Spatial Join Tool : does not work; slow as glaciers;

RobertStevens · ‎08-24-2015

I am going to try not to fill this post with expletives.

Preliminaries: ArcGIS 10.3.1 running on latest 2015 MacBook Pro using Parallels, Windows7, 8G memory, no other user level processes running.

Using: Arc Toolbox => Analysis Tools => Overlay => Spatial Join to join points(715 features) to polygons(469 features)

The two datasets have the same coordinate system, although the point dataset has a join, and the polygon dataset

has a giant number of fields because it was originally Business Analyst dataset, but which was pared down to

the geographic region of interest

The tool fires up. I enter the name of the target feature dataset (polygons). Then name of join features.... 205 seconds later the tool acknowledges the name of the dataset (no work yet mind you, just to respond that I entered the name of a dataset).

Then I wish to join 1:1 and to merge features of the point dataset. So I delete all the features which cannot meaningfully be joined.

Each deletion takes about 10 seconds to register for a net total of 270 seconds.

Then the remaining 4 features Itell it to aggregate as a mean.

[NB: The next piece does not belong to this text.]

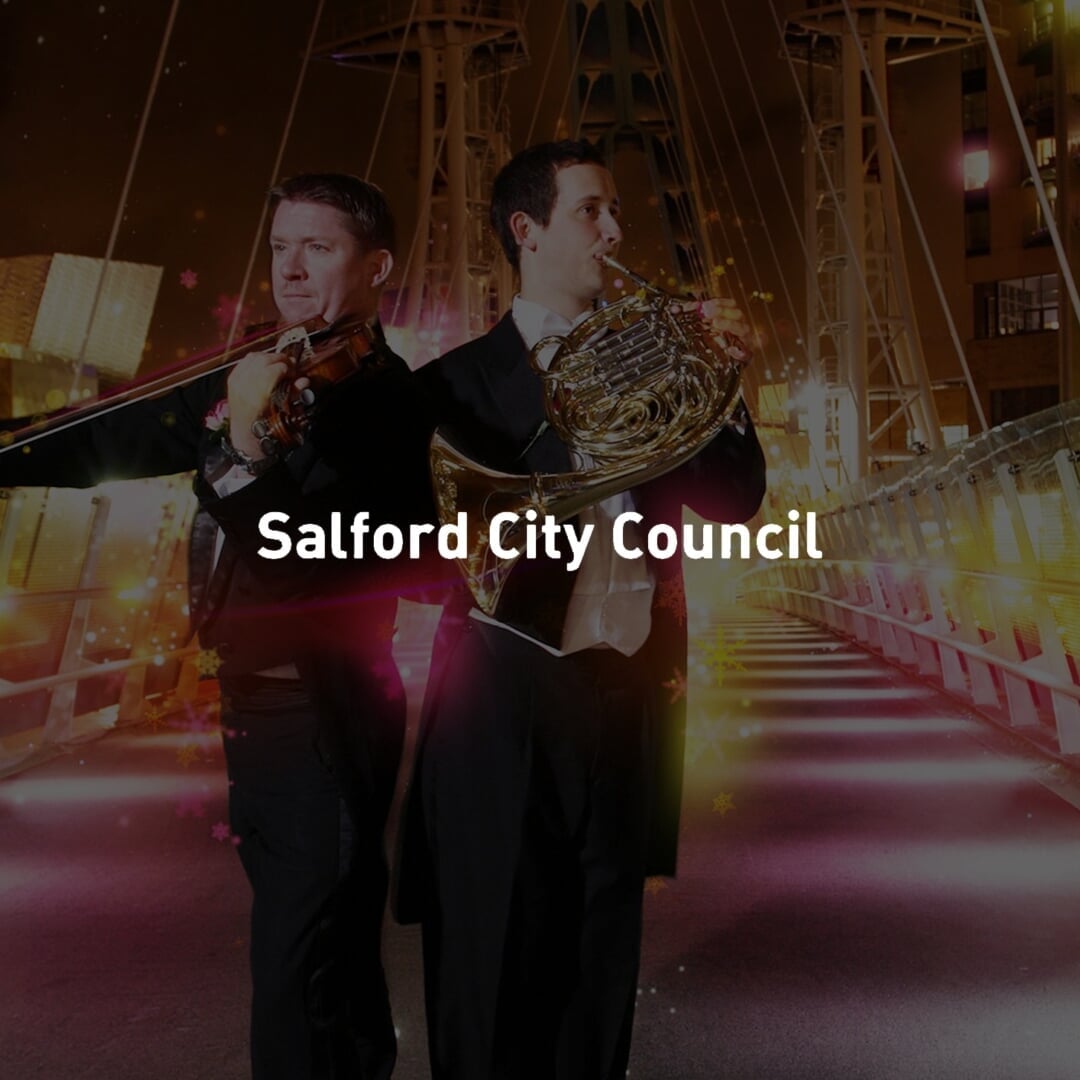 Advertising Campaign for BBC Philharmonic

Another 20 odd seconds.

I enter the name of the output dataset -- incredible, it seems to respond almost immediately; what can be wrong?

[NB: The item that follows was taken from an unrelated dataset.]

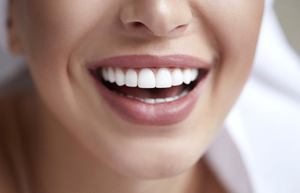 Beautiful smile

I have now spent 495 seconds just to enter the data.

I now hit the run button. It executes, I get the usual progress dialogue at the screen bottom, and within a few seconds the tool finishes

claiming to have run without error. Only, there is no output dataset created.

There is a word for software like this, which decorum dictates that I had best not use.

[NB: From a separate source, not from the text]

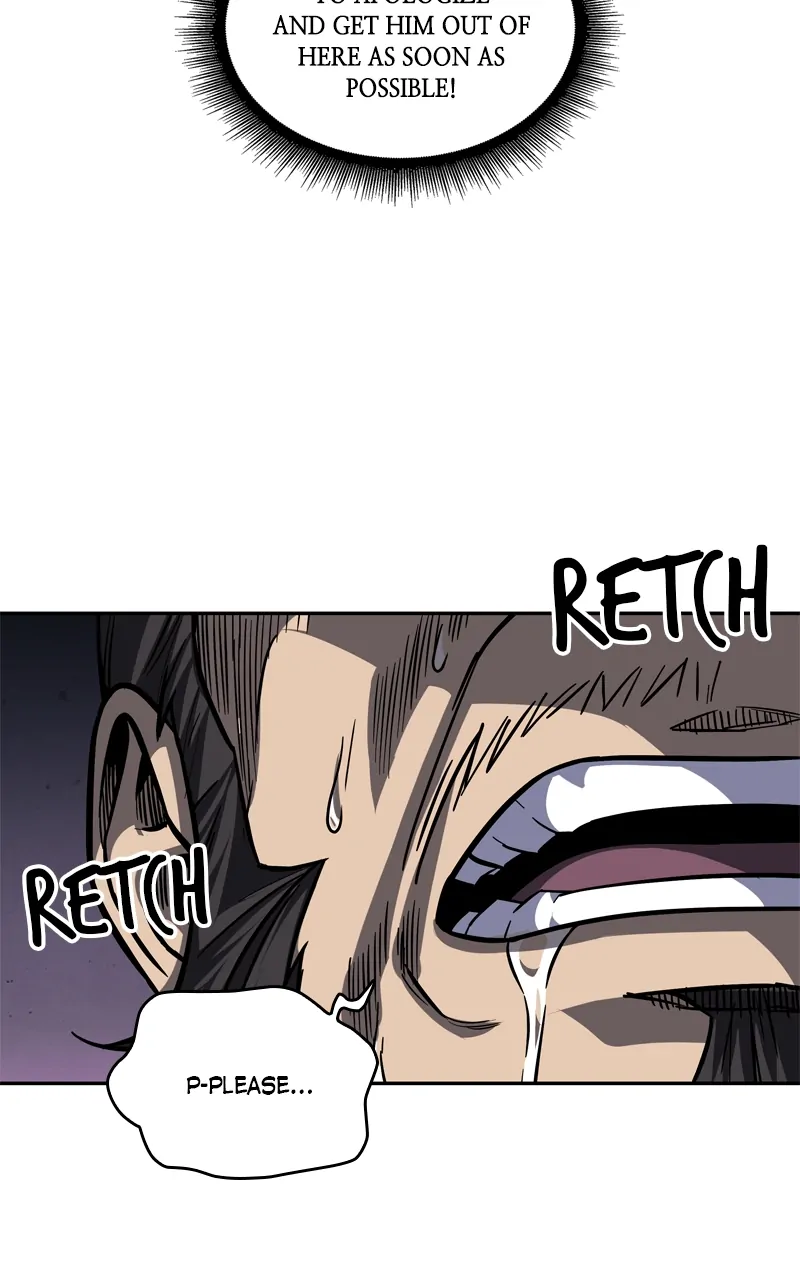 Read Nano Machine ENGLISH Manga Online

I have had the misfortune to have been required to use ArcGIS for years;

have lost count of the number of bugs personally reported; grown

old looking at a spinning blue wheel while the product seemingly does nothing.

The tool did not work, already bad, but what kind of software

engineering underlies a user interface that takes 10 minutes to specify

a handful of data items?

The behavior of this tool is replicable.

There, I got to the end without using any 4 letter words.

Now I can go out and relieve by feelings by giving the cat a good kick.

DanPatterson_Retired · ‎08-24-2015

Haha... love it ... some tips that I use

work on a local machine...can't do it? skip to the end if your network causes any slowdown issues
make sure everything is the same projection/coordinate system (check for you)
when I do spatial joins, I give a crap about attributes so I just make clone containing files containing only geometry and ID for both files (time taken < 30 seconds)
I do a spatial index Add Spatial Index—Help | ArcGIS for Desktop (only needs to be done once unless you update/change geometry
do the spatial join...if all works well it will take way less time. You should now have the indices where one file corresponds to another file. You can attribute join/relate using the results
other suggestions
- sometimes coding the same things runs faster than from the tool...don't know why, can't give examples, but I have seen it
- get rid of crap from the files that you know aren't of any interest or are totally outside of the spatial join realm (ie polygons that you know have no chance in H of intersecting another polygon
- prune prune you data to it bare minimum...it takes far less time, particularly if you have to do this task numerous times]
IF you don't have to do any of the above on a regular basis, then consider, either you are getting paid to do it, it is billable time, you need a coffee anyway

Thanks for venting

XanderBakker · ‎08-24-2015

If you are willing to share the data, I would like to try and see if I get the same performance that you are experiencing. Although the outcome can be the same, perhaps the "trouble shared is trouble halved" could save the cat...

RobertStevens · ‎08-25-2015

Chris

The data is not by any means the crown jewels, so I am certainly willing

to share it.

But I am not sure how much you need.

Do you need the BA2015 datasets, or do you have those?

I am not very familiar with packaging up

a subset of data from a file geodatabase.

I would certainly be interested in what you find.

I will try to figure out how to package this stuff up.

Rob

PS. Cat OK : did not even expend one of his 9 lives.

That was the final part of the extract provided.